He enters upon an examination of the nature of insolvent laws which States may enact, and bankrupt laws which Congress may enact; and finds that "there is such a connection between them as to render it difficult to say how far they may be blended together.... A bankrupt law may contain those regulations which are generally found in insolvent laws"; while "an insolvent law may contain those which are common to a bankrupt law." It is "obvious," then, that it would be a hardship to "deny to the state legislatures the power of acting on this subject, in consequence of the grant to Congress." The true rule—"certainly a convenient one"—is to "consider the power of the states as existing over such cases as the laws of the Union may not reach."[597]

But, whether this common-sense construction is adopted or not, it is undeniable that Congress may exercise a power granted to it or decline to exercise it. So, if Congress thinks that uniform bankrupt laws "ought not to be established" throughout the country, surely the State Legislatures ought not, on that account, to be prevented from passing bankrupt acts. The idea of Marshall, the statesman, was that it was better to have bankrupt laws of some kind than none at all. "It is not the mere existence of the power [in Congress], but its exercise, which is incompatible with the exercise of the same power by the states. It is not the right to establish these uniform laws, but their actual establishment, which is inconsistent with the partial acts of the states."[598]

Even should Congress pass a bankrupt law, that action does not extinguish, but only suspends, the power of the State to legislate on the same subject. When Congress repeals a National bankrupt law it merely "removes a disability" of the State created by the enactment of the National statute, and lasting only so long as that statute is in force. In short, "until the power to pass uniform laws on the subject of bankruptcies be exercised by Congress, the states are not forbidden to pass a bankrupt law, provided it contain no principle which violates the 10th section of the first article of the constitution of the United States."[599]

Having toilsomely reached this conclusion, Marshall comes to what he calls "the great question on which the cause must depend": Does the New York Bankrupt Law "impair the obligation of contracts"?[600]

What is the effect of that law? It "liberates the person of the debtor, and discharges him from all liability for any debt previously contracted, on his surrendering his property in the manner it prescribes." Here Marshall enters upon that series of expositions of the contract clause of the Constitution which, next to the Nationalism of his opinions, is, perhaps, the most conspicuous feature of his philosophy of government and human intercourse.[601] "What is the obligation of a contract? and what will impair it?"[602]

It would be hard to find words "more intelligible, or less liable to misconstruction, than those which are to be explained." With a tinge of patient impatience, the Chief Justice proceeds to define the words "contract," "impair," and "obligation," much as a weary school teacher might teach the simplest lesson to a particularly dull pupil.

"A contract is an agreement in which a party undertakes to do, or not to do, a particular thing. The law binds him to perform his undertaking, and this is, of course, the obligation of his contract. In the case at bar, the defendant has given his promissory note to pay the plaintiff a sum of money on or before a certain day. The contract binds him to pay that sum on that day; and this is its obligation. Any law which releases a part of this obligation, must, in the literal sense of the word, impair it. Much more must a law impair it which makes it totally invalid, and entirely discharges it.

"The words of the constitution, then, are express, and incapable of being misunderstood. They admit of no variety of construction, and are acknowledged to apply to that species of contract, an engagement between man and man, for the payment of money, which has been entered into by these parties."[603]

What are the arguments that such law does not violate the Constitution?
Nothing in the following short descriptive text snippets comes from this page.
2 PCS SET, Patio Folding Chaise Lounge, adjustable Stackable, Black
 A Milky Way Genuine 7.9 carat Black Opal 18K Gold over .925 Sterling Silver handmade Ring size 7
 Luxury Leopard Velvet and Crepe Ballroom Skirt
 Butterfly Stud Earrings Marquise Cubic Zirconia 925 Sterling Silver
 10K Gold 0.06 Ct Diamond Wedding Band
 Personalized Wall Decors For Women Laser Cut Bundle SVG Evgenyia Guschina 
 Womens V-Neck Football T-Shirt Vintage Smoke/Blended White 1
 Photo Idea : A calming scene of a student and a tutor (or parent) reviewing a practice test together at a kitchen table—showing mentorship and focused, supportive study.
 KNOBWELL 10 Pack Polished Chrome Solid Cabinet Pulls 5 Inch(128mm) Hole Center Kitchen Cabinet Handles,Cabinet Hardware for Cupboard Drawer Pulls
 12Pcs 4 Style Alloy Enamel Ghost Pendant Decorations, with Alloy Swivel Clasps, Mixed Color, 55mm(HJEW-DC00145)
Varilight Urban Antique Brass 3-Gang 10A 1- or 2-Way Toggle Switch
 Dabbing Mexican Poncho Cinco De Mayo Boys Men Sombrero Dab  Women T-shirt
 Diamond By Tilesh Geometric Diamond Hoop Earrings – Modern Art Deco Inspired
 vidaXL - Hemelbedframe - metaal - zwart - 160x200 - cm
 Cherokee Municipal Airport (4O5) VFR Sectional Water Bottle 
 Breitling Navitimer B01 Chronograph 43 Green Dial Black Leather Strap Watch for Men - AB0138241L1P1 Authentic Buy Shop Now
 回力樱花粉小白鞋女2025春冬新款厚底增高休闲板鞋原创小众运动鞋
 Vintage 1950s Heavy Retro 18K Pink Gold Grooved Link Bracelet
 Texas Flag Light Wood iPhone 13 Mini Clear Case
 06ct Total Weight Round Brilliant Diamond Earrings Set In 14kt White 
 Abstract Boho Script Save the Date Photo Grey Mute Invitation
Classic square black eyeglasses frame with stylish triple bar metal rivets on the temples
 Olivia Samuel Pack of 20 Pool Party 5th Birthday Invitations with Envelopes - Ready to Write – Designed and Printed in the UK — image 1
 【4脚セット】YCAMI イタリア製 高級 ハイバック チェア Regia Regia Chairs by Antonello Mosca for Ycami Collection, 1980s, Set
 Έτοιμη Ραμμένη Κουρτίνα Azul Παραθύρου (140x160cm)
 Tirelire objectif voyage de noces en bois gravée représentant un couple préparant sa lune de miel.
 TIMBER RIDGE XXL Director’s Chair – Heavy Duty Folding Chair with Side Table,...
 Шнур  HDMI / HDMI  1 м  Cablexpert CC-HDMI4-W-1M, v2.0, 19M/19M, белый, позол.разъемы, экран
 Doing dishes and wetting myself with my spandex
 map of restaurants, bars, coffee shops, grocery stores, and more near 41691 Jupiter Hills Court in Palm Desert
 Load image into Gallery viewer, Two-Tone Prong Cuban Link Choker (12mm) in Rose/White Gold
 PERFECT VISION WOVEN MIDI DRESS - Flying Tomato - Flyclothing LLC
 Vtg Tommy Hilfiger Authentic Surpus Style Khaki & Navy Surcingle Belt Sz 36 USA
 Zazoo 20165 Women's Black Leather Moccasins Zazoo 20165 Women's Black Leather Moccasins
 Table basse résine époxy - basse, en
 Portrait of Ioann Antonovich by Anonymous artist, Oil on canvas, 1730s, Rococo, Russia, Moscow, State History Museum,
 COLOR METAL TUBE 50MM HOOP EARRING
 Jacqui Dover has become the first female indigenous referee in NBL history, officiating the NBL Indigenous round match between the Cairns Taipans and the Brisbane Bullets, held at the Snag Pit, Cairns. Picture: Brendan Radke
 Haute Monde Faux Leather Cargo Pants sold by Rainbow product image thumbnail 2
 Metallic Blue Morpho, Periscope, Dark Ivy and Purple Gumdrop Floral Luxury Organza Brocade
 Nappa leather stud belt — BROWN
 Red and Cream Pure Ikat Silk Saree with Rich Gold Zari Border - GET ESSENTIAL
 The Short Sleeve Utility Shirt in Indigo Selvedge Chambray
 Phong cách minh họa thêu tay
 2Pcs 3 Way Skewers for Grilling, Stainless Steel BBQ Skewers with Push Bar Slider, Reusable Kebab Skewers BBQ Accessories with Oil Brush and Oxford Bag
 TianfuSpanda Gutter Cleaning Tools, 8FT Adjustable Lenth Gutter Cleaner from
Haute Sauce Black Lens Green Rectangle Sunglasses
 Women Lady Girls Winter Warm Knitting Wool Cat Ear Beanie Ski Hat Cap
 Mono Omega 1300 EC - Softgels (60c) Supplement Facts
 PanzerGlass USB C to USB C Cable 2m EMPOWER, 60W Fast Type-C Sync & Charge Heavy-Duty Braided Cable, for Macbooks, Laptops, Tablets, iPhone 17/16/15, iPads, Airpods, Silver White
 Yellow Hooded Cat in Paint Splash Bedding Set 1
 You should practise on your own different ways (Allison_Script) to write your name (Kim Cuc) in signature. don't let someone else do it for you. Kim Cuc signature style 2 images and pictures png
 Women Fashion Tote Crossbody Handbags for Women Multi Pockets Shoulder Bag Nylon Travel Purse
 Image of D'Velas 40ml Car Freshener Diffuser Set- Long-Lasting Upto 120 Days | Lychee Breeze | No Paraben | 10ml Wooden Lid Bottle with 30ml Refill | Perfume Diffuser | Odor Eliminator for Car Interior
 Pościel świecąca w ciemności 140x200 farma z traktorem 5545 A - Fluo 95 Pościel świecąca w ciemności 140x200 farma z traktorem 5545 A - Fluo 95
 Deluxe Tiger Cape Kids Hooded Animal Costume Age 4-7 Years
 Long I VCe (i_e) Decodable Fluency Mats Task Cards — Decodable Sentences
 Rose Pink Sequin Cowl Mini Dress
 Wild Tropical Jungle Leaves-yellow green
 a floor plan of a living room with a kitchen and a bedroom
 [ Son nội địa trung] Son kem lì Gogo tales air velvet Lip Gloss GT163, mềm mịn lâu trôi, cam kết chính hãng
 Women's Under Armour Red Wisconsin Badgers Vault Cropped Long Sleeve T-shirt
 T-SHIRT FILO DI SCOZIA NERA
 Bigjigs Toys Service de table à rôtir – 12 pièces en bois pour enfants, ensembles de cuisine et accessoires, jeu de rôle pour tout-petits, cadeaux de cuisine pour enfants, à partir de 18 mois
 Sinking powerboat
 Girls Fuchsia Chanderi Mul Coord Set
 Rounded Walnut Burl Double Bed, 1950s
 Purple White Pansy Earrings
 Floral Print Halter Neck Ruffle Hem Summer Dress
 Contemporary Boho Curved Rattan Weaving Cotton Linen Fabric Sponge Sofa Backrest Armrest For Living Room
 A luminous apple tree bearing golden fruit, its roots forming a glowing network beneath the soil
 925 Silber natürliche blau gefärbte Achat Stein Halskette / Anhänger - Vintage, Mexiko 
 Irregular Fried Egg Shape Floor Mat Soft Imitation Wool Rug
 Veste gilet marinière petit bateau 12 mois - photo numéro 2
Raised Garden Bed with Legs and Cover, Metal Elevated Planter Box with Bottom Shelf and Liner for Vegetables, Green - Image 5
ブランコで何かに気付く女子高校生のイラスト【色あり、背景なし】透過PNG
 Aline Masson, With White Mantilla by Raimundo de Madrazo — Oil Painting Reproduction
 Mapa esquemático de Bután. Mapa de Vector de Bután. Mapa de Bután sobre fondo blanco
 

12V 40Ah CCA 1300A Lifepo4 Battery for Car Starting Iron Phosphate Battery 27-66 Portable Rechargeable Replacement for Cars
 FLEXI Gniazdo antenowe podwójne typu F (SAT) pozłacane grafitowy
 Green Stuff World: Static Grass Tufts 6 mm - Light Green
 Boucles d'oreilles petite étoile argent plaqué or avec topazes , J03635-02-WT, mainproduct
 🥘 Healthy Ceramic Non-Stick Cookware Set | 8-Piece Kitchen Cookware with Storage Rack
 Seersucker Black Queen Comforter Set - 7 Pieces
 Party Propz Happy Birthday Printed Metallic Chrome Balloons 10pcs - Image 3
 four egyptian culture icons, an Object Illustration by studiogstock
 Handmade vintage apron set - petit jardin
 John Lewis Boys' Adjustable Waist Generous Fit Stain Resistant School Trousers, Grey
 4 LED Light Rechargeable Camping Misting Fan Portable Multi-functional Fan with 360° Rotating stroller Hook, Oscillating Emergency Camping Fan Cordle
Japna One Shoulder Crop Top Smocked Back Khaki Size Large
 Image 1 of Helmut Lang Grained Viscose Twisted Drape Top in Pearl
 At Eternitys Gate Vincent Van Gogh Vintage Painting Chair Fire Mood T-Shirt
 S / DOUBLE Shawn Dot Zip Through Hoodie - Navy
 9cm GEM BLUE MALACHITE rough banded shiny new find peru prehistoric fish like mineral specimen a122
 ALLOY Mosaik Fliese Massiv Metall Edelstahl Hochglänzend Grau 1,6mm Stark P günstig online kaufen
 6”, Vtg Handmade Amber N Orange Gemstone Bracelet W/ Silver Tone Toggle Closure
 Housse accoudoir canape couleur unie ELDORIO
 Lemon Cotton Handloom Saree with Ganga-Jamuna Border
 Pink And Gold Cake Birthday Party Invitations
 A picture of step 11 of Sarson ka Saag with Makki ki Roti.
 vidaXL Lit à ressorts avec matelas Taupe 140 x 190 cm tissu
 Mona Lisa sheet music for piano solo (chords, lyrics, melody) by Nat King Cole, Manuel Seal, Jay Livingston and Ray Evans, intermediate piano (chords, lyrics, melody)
One is that, since a contract "can only bind a man to pay to the full extent of his property, it is an implied condition that he may be discharged on surrendering the whole of it." This is simply not true, says Marshall. When a contract is made, the parties to it have in mind, not only existing property, but "future acquisitions. Industry, talents and integrity, constitute a fund which is as confidently trusted as property itself. Future acquisitions are, therefore, liable for contracts; and to release them from this liability impairs their obligation."[604]

Marshall brushes aside, almost brusquely, the argument that the only reason for the adoption of the contract clause by the Constitutional Convention was the paper money evil; that the States always had passed bankrupt and insolvent laws; and that if the framers of the Constitution had intended to deprive the States of this power, "insolvent laws would have been mentioned in the prohibition."